ACTIVITY
Print exactly, and only, the lines from the one containing "Amber Earrings In" through the last line of the records below, both included; leave out the pictures.

TASK INPUTS

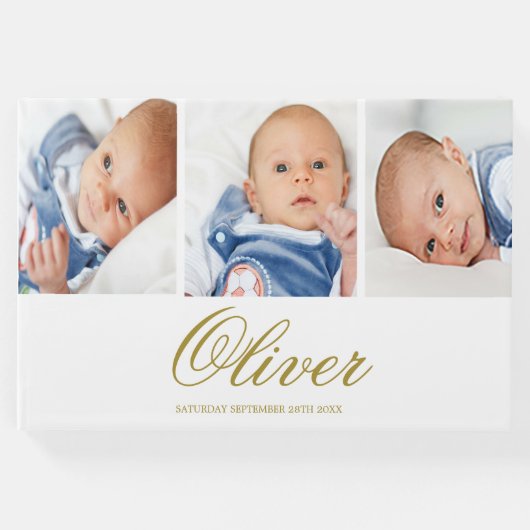 Baby Boy 3 Foto Collage Gold Elegant Gastenboek (Voorkant)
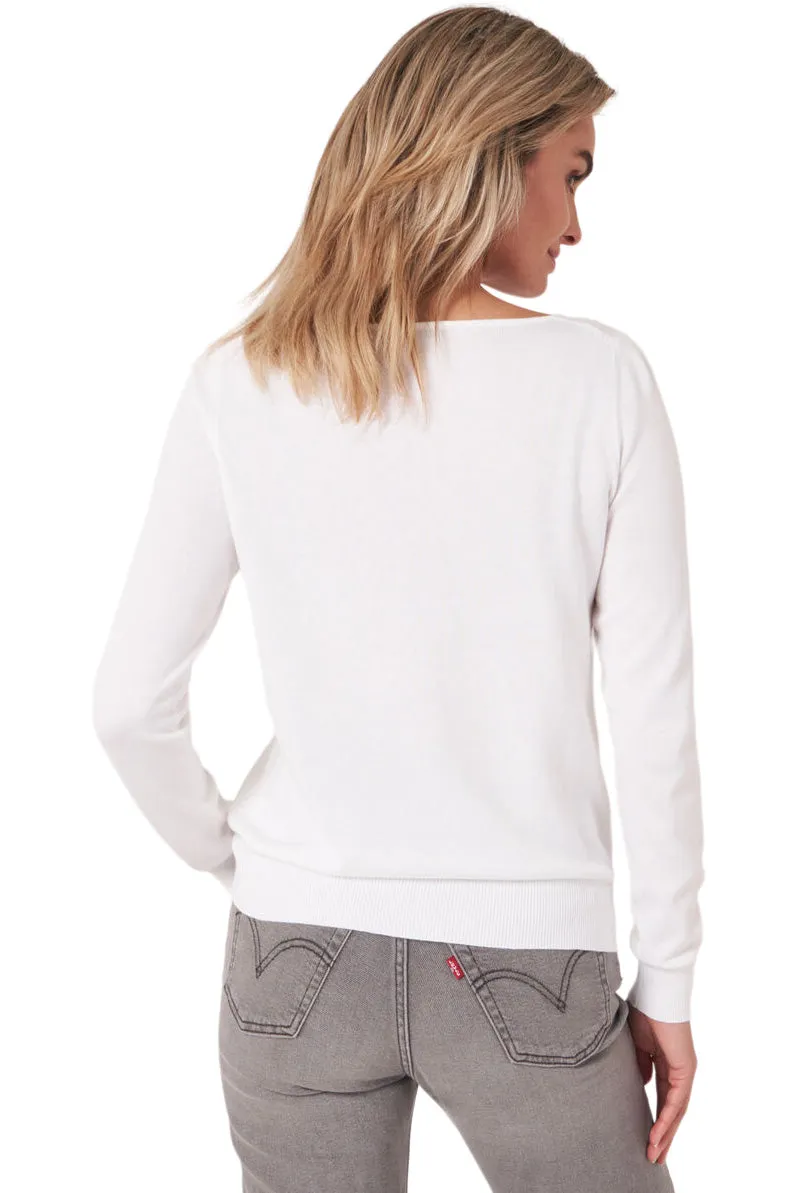 Repeat Cashmere Organic Cotton Long Sleeve Pullover in White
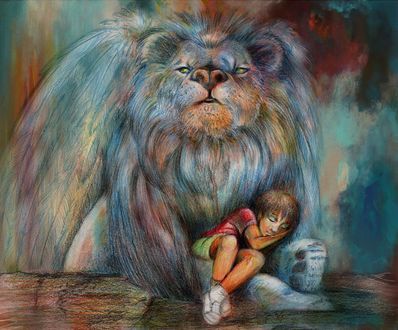 Обои на рабочий стол Мальчик спит у ног льва, работа Angel-guardian / ангел -хранитель, by indra13
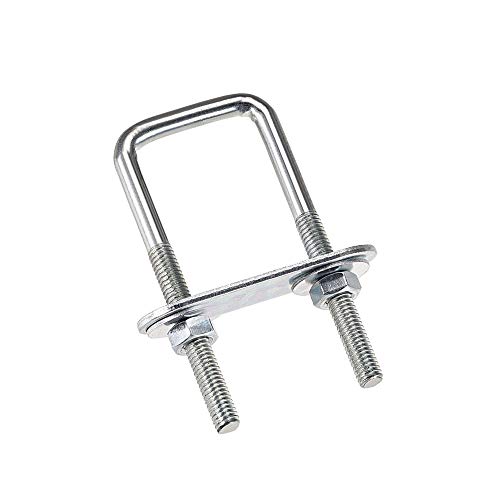 Quadratische U-Bolzen 3/4" (20 mm) Innenbreite Kohlenstoffstahl M6 mit Muttern, Rahmenplatte, runden Unterlegscheiben 4er-Set von HONGBA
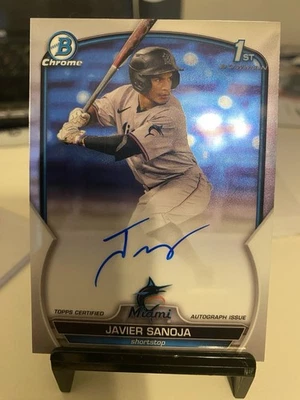 2023 Bowman Chrome Prospect Autographs Javier Sanoja #CPA-JSJ 1st Bowman Auto - Image 1 of 2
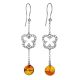 Amber Earrings In Sterling Silver With Inclusions The Clio, image 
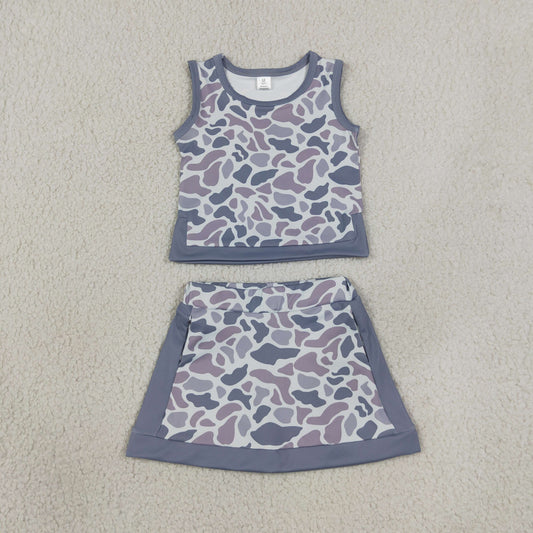 NEW RTS NO MOQ  yoga fabric GSD4230 Baby Girls Light Gray Camo Vest Cute Short Skort Yoga Sets
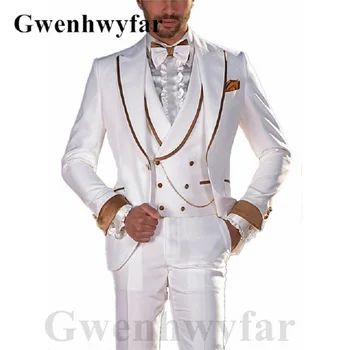 Gwenhwyfar 2023 Új Férfi Vőlegény Öltöny Üzlet Szmoking Három Darab Készlet Fehér Szatén Jól Szabott Öltöny (Zakó, öltöny)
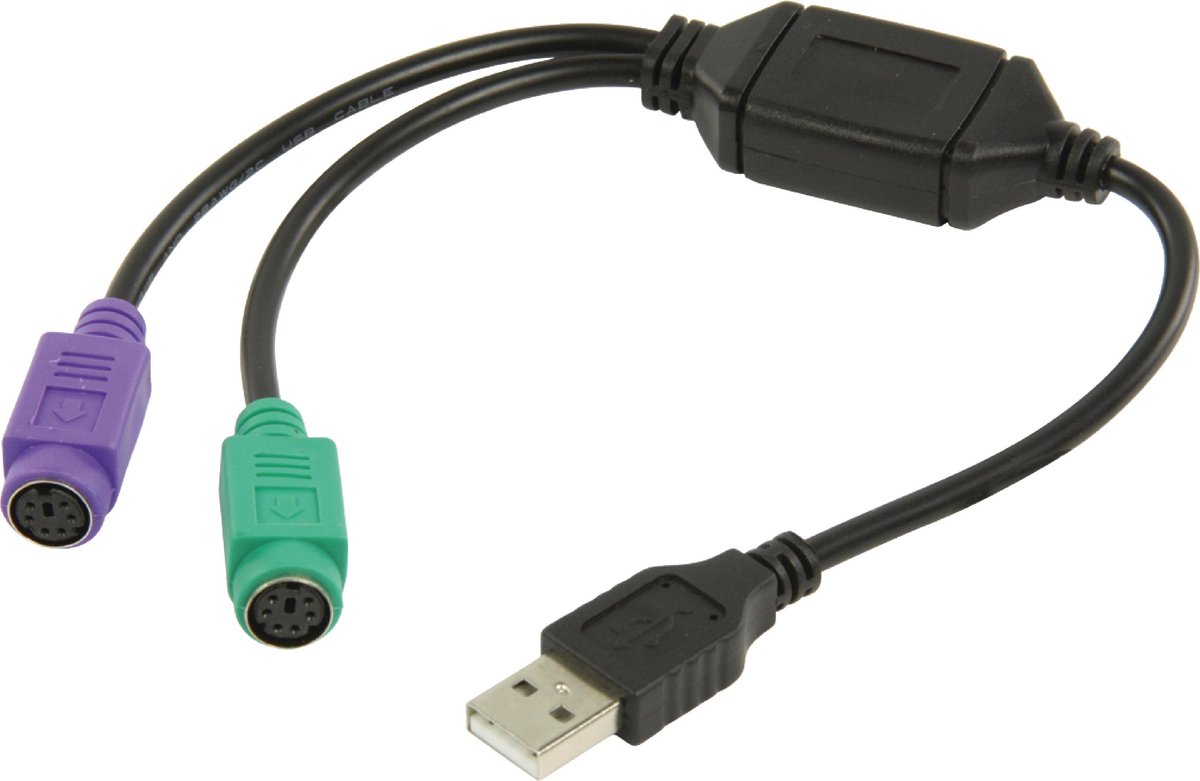 USB 2.0 Kabel USB A Male - 2x PS/2 Female 0.30 m Zwart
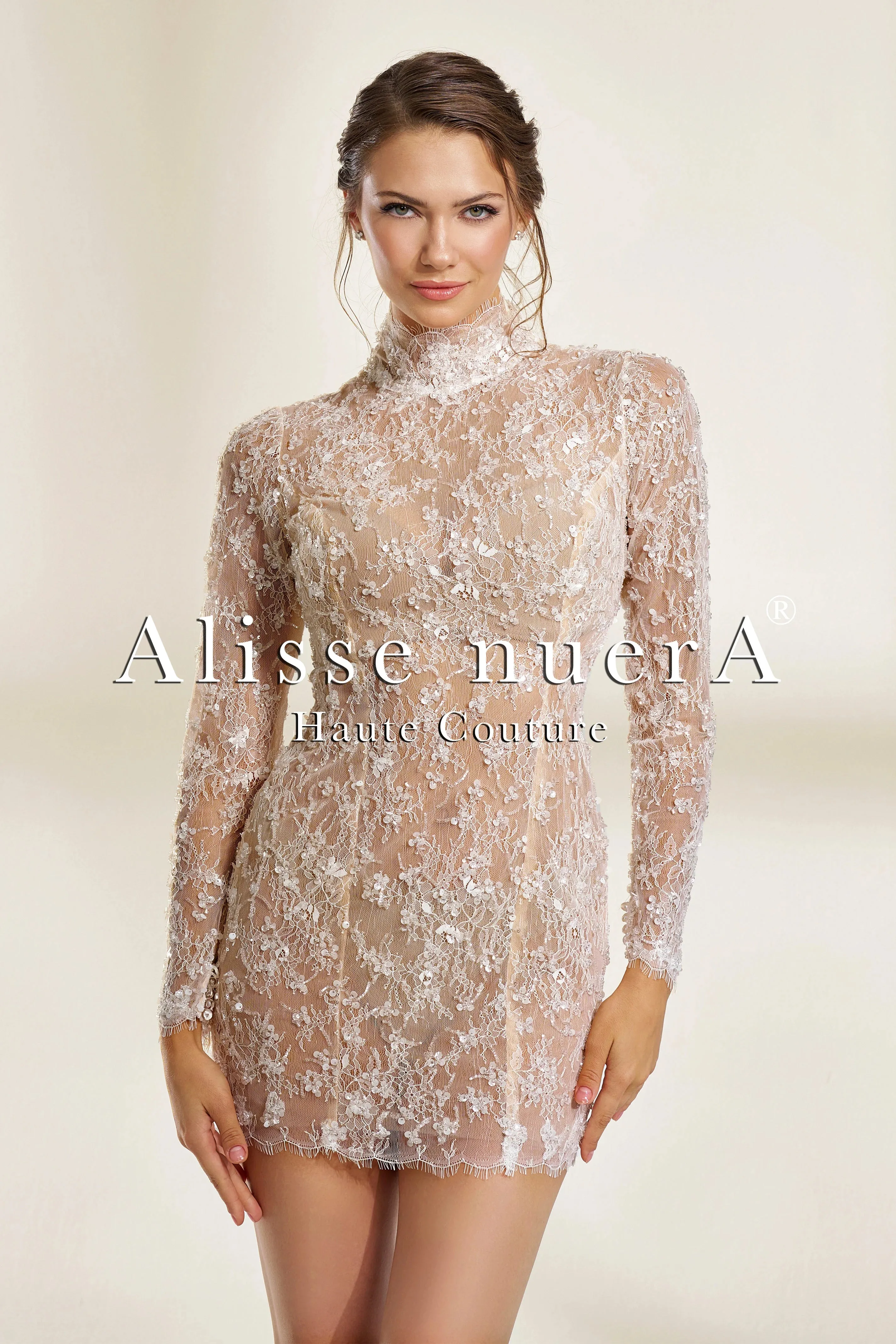 Satin Wedding Dress with French Lace Long Sleeves Thigh High Slit and Mini Dress Lining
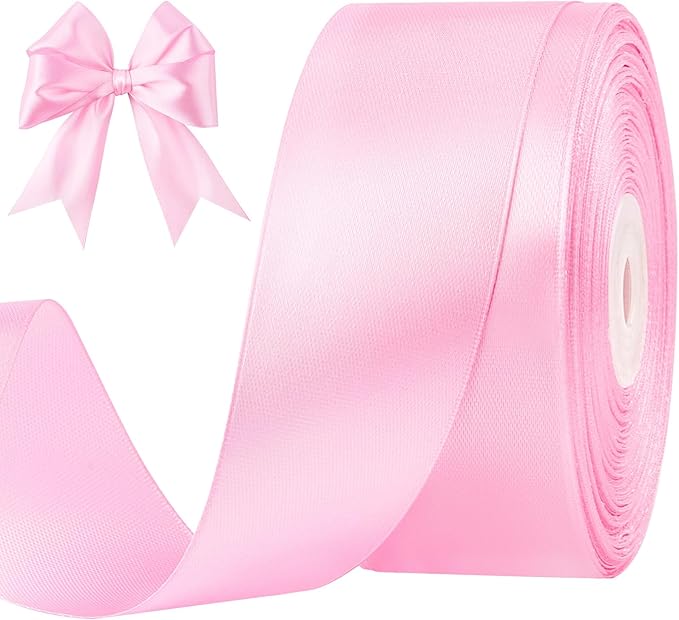 1-1/2 Inches 50 Yards Light Pink Satin Ribbon, Solid Fabric Ribbon Roll for Flower Bouquets, Gift Wrapping, Wedding, Handmade Crafts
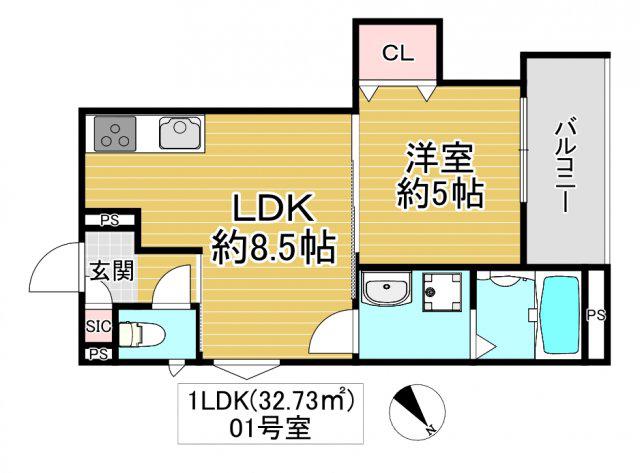 クリエオーレ茨田大宮III(1LDK/3階)の間取り写真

OUTPUT FOR THIS TASK
 Amber Earrings In Sterling Silver With Inclusions The Clio, image 
 NEW RTS NO MOQ  yoga fabric GSD4230 Baby Girls Light Gray Camo Vest Cute Short Skort Yoga Sets
 Gwenhwyfar 2023 Új Férfi Vőlegény Öltöny Üzlet Szmoking Három Darab Készlet Fehér Szatén Jól Szabott Öltöny (Zakó, öltöny)
 USB 2.0 Kabel USB A Male - 2x PS/2 Female 0.30 m Zwart
 Satin Wedding Dress with French Lace Long Sleeves Thigh High Slit and Mini Dress Lining
 1-1/2 Inches 50 Yards Light Pink Satin Ribbon, Solid Fabric Ribbon Roll for Flower Bouquets, Gift Wrapping, Wedding, Handmade Crafts
 クリエオーレ茨田大宮III(1LDK/3階)の間取り写真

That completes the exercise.